The machine is on standby all the time. So it updates whenever it wants. In this occasion the machine was turned off for a couple of months, but the updates were not the "half release" updates. The list was .NET runtime, intel graphics drivers, some dynamic update support and the like. I was watching the machine all the time.
Funnily, dynamic updates support installation failed after all the kicking and screaming, and I didn't try. Maybe I'll look into it later.
Upgrade that PC's OS drive to a NVMe. Seriously. We manage thousands of PCs at work and ever since we got laptop models with NVMe drives, updates are a breeze with 6 ± 3 minutes of total downtime.
I'd rather teach my parents to use Linux instead. Updates will be a breeze with 3±2 minutes of total background work without any interruption and 30 seconds of occasional downtime.
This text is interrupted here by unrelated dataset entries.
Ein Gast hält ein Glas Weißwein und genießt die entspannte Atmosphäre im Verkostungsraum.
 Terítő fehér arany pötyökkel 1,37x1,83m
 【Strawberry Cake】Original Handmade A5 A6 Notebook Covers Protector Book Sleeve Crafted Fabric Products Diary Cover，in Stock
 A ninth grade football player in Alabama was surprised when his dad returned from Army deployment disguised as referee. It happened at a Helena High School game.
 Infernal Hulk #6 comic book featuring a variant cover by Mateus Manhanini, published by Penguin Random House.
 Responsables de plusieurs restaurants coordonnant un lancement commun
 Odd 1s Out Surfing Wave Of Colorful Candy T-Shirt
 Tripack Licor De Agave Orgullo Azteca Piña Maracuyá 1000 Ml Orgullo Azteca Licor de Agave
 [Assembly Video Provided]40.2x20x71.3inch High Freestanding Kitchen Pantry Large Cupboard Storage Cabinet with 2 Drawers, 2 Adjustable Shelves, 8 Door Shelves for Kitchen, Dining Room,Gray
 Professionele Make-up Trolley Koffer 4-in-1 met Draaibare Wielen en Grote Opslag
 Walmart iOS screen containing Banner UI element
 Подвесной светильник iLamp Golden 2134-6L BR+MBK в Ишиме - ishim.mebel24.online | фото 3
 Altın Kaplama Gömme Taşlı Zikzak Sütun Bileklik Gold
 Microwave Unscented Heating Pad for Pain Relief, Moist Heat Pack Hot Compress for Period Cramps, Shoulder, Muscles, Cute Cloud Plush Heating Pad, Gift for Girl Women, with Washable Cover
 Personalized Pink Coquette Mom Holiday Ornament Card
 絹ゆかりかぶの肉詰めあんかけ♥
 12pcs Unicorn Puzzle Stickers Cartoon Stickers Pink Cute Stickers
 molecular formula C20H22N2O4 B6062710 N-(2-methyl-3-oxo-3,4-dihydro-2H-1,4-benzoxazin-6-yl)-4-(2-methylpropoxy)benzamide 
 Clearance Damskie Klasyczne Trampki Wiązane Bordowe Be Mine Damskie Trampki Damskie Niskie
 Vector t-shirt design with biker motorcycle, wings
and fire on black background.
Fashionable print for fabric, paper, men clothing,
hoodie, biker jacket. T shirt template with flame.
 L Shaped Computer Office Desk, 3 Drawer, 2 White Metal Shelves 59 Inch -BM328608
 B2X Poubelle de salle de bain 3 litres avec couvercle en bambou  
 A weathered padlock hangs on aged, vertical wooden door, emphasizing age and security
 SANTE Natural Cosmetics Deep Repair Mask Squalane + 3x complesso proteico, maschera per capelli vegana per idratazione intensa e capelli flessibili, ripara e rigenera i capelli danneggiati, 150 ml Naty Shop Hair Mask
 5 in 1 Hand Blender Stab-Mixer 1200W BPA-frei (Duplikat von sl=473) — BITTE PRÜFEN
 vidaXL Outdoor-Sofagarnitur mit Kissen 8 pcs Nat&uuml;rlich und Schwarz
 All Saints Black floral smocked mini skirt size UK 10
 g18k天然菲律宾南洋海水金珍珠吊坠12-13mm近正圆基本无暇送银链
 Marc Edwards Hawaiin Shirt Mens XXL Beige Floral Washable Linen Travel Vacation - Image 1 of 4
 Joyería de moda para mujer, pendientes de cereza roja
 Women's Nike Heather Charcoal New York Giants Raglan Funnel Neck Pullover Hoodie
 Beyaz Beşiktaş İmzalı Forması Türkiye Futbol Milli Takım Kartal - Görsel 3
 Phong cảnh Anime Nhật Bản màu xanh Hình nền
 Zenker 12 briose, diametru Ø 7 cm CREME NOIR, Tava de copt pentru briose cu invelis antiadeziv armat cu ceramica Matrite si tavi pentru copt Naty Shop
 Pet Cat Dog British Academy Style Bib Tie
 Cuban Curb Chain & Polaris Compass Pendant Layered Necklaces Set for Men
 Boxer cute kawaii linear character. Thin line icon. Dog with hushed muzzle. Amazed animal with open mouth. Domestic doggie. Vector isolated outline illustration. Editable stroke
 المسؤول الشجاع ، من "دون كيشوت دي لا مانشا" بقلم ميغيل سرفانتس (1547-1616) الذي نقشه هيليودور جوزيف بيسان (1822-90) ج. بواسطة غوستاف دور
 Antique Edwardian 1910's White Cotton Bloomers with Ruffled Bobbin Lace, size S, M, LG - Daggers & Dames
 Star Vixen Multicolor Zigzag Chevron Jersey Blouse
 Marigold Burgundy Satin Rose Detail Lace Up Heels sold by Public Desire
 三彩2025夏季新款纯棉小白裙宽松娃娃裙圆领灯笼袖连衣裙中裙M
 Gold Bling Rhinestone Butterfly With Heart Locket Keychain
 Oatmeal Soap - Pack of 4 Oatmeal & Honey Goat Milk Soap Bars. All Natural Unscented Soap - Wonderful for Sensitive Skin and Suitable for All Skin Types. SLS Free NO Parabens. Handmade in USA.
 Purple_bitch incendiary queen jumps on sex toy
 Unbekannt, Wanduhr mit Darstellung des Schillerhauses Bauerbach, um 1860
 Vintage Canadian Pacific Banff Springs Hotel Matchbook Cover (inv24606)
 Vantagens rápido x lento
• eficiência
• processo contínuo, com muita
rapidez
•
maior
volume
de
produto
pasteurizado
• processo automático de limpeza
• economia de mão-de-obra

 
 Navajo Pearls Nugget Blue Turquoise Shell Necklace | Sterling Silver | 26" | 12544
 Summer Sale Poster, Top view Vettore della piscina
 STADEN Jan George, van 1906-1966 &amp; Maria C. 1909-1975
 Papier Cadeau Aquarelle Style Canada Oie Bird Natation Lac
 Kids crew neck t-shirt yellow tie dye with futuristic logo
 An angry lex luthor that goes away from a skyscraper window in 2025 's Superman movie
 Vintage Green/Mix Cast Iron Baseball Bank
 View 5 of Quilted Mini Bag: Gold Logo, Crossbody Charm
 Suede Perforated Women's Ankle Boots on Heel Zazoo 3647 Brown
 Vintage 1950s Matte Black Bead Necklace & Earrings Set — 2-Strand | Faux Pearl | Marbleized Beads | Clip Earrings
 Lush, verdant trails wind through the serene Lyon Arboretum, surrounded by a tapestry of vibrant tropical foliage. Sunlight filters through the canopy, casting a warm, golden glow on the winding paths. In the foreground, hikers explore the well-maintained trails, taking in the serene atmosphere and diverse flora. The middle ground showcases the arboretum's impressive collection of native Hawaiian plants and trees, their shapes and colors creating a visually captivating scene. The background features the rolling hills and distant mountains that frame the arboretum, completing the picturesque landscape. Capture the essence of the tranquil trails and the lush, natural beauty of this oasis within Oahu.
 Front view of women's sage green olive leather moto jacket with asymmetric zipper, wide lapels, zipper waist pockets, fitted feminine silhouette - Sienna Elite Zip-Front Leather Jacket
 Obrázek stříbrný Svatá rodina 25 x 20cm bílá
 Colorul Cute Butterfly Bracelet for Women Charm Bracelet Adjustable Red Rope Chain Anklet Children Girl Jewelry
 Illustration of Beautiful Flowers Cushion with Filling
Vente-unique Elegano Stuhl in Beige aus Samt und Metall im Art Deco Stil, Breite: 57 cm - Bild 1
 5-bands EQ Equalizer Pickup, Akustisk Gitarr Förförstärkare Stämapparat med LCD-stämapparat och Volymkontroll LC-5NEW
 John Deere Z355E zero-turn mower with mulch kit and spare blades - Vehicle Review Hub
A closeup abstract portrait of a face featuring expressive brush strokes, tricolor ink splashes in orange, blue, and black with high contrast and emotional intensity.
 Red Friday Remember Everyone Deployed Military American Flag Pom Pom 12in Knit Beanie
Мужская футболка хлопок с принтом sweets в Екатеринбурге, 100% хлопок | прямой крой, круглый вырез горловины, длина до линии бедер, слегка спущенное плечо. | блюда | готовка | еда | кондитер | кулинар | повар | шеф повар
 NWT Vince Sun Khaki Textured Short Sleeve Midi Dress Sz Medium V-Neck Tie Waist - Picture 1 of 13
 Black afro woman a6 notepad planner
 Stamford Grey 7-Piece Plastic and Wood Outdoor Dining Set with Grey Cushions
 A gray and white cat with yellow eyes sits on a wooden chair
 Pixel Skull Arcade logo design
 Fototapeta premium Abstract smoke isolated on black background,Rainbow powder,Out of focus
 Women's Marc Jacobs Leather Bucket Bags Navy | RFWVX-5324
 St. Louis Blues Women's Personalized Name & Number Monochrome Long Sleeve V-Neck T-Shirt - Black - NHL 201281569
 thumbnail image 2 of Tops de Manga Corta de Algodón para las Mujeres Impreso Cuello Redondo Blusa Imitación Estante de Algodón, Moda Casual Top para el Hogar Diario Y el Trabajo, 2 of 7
I have no idea how you got to "Problem Exists Between Keyboard And Chair" given that I literally blamed the slow OS disk drive inside the computer based on thousands of data points on my end.
Hey, no, I don’t dispute your data points at all. A bog standard NVMe can handle ~1MIOPS these days, and it’s above and beyond what SATA SSDs can provide.
What I’m against is tolerating a bad OS design with more capable hardware and allowing Microsoft to worsen the experience. This is a pattern of Microsoft since forever.
Oh, that particular PC has no NVMe support anyway. I don’t know why that M.2 port is SATA only.
Especially when every other major OS can handle this more gracefully. I can version upgrade a fully loaded Debian installation in less than 6 minutes, reboot included, on a SATA disk, for example.
Also, while tangential, Windows providing the worst update experience, and calling Linux a major, mainstream OS superior in some ways feels unbelievable when I look back a decade.
Funnily, dynamic updates support installation failed after all the kicking and screaming, and I didn't try. Maybe I'll look into it later.